So the way that the Builder objects that build these ESM-Datastores work is that they open every file in the directory, and extract various metadata needed for cataloguing it - all the fields you see in the datastore, basically.
For variable_cell_methods, (and all the other variable_xyz fields) , these are extracted by looping over all the variables in the files & extracting their attributes.
So, for eg. v variable_cell_methods = [ds['v'].attrs.get("cell_methods", "").
The .get("cell_methods","") means that if no cell methods are found for that variable, an empty string will be used as an empty value - which is where that is coming from. Potentially it would be better to just remove it.
I’m not sure I asked exactly what I was trying to, reading it back. The complication is that I don’t think it’s straightforward to disambiguate based on variable cell methods - imagine the following scenario:
- Imagine we have three files: the first with
v_mean and v_max, the second with v_max and the third with v_mean (this is going to seem a bit contrived, but stay with me).

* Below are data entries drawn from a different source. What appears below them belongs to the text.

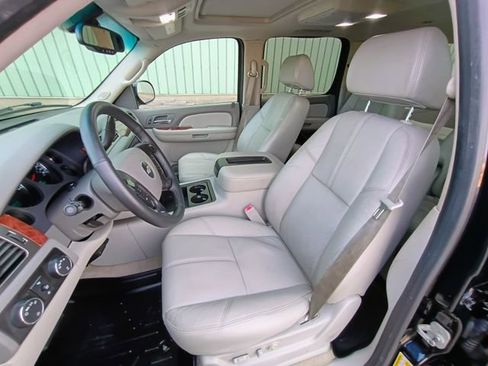 Used 2007 Chevrolet Suburban 2500 LT w/ LT Preferred Equipment Group image 30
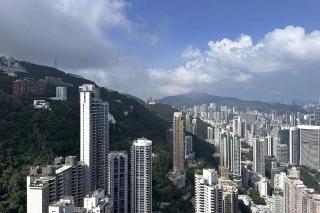 Luxury Apartment with Panoramic Views - 2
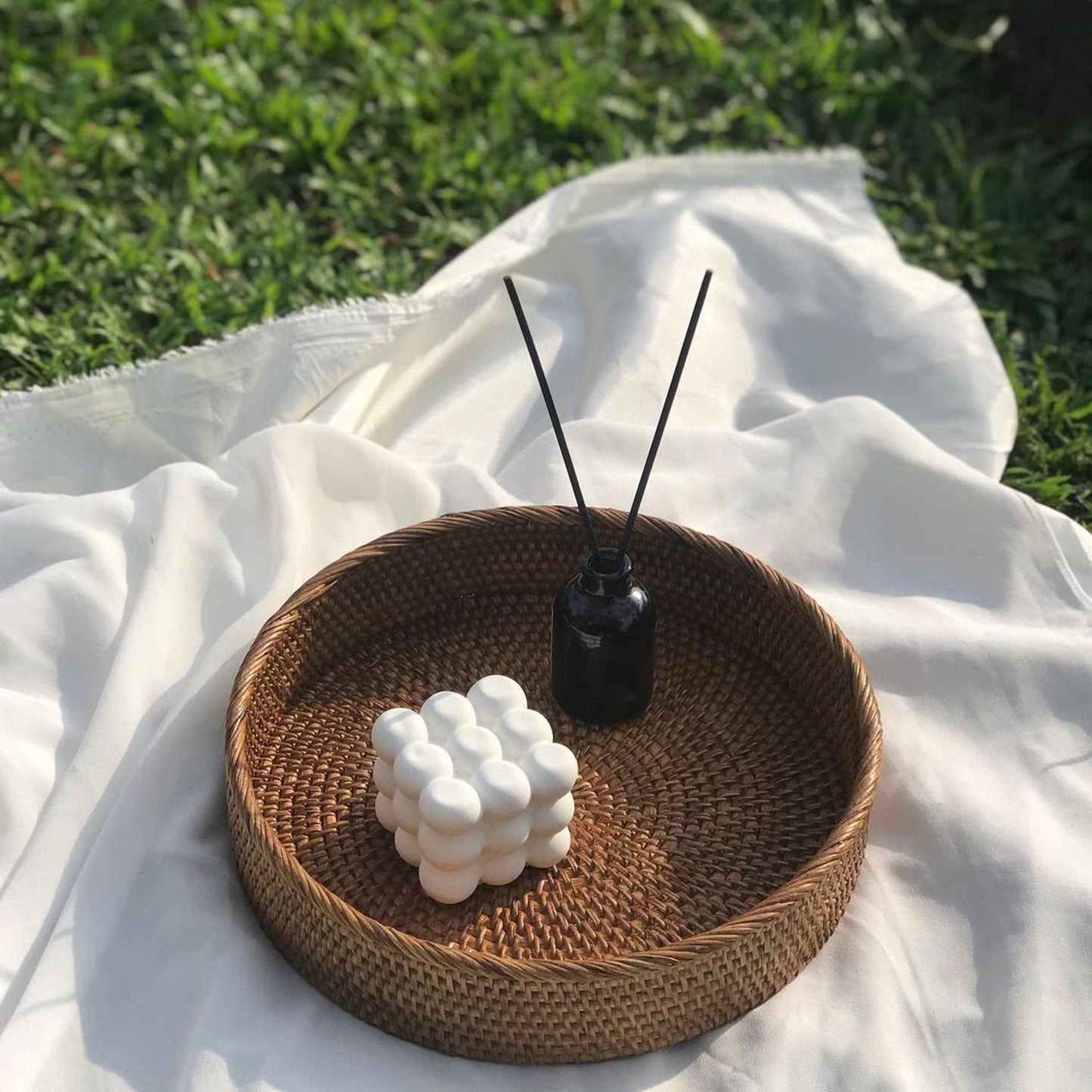 Brown Round Rattan Decorative Tray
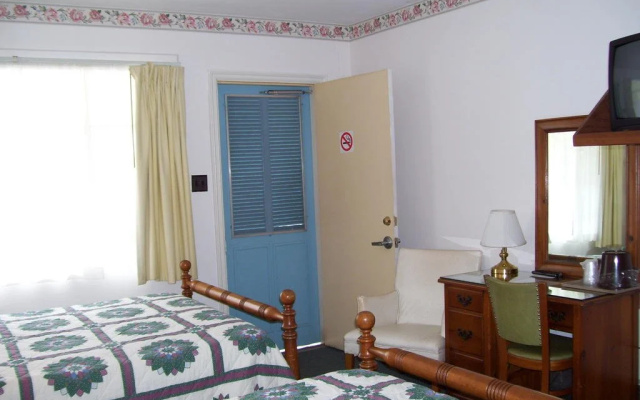photo 5 of Parkway Inn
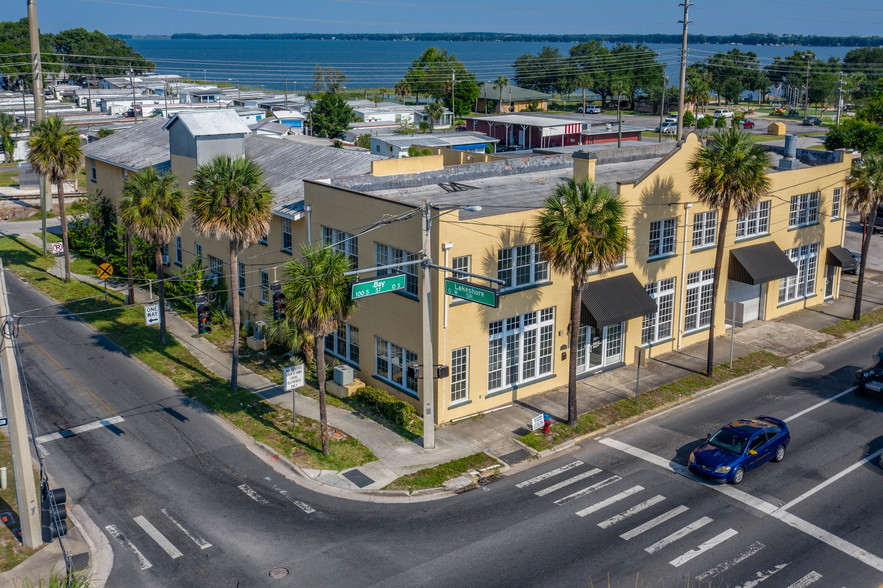 12 S Bay St, Eustis, FL, 32726 Storefront Retail/Office Property For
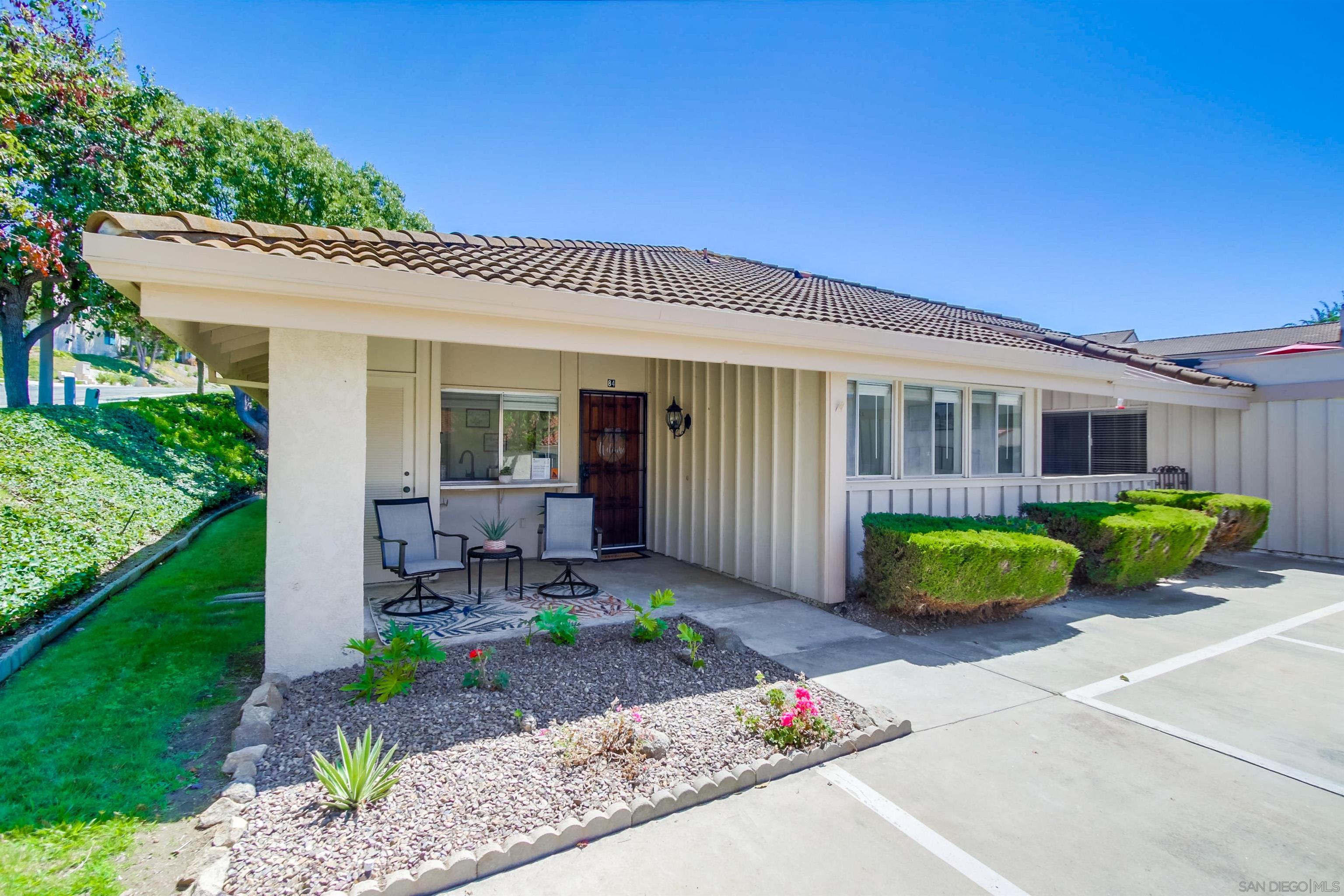 Detail Gallery Image 21 of 51 For 17464  Plaza Cerado  84, San Diego,  CA 92128 - 2 Beds | 1 Baths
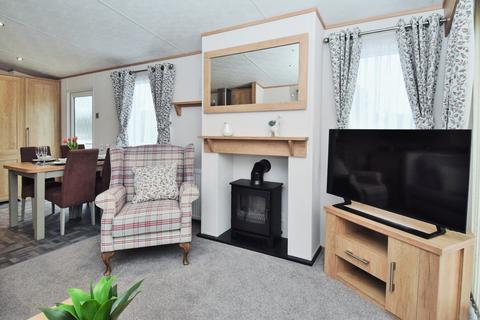 2 bedroom park home for sale, Rowan, Hoburne Bashley Holiday Park, New Milton, Hampshire, BH25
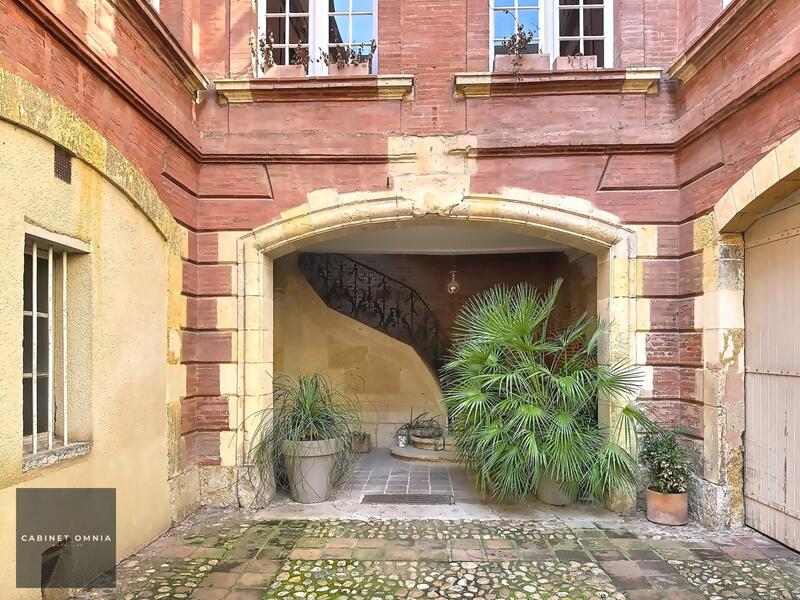 Appartement - 212 m² - 6 pièces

- All are on the same grid.
- File 1 will have
variable_cell_methods = ['time: mean','time: max'] ; file 2 variable_cell_methods = ['time: max']; file 3 variable_cell_methods = ['time': mean'].
In this scenario, if we try to disambiguate on variable_cell_methods - that is, split up what we consider a dataset based on that - we will wind up telling intake-esm that none of these files can be combined.
I think we would actually want to be able to combine 1 & 2 or 1 & 3, but not 2 & 3.
Arguably this is the safest way of handling things, but it might also a become a bit inconvenient. I was looking through the full catalog & I found a bunch of datasets where it looks like cell methods only on differ things like nv and rho2. For eg. an Eulerian velocity field, we probably wouldn’t want to differentiate into datasets based on whether one file contains a maximum on density surfaces and another doesn’t?
I thiiink the behaviour that we want is something like:
- If a specific variable has been searched for (ie.
esm_datastore.search(variable = 'xyz').to_dask()), then make sure that for each file that we open in that dataset, we ensure all the variables in the dataset have compatible cell methods?
Intake-ESM already has some code that handles this sort of stuff & we could extend that - if you search for variable x it will know to only put x (and necessary coordinate variables) into the dataset it returns from to_dask.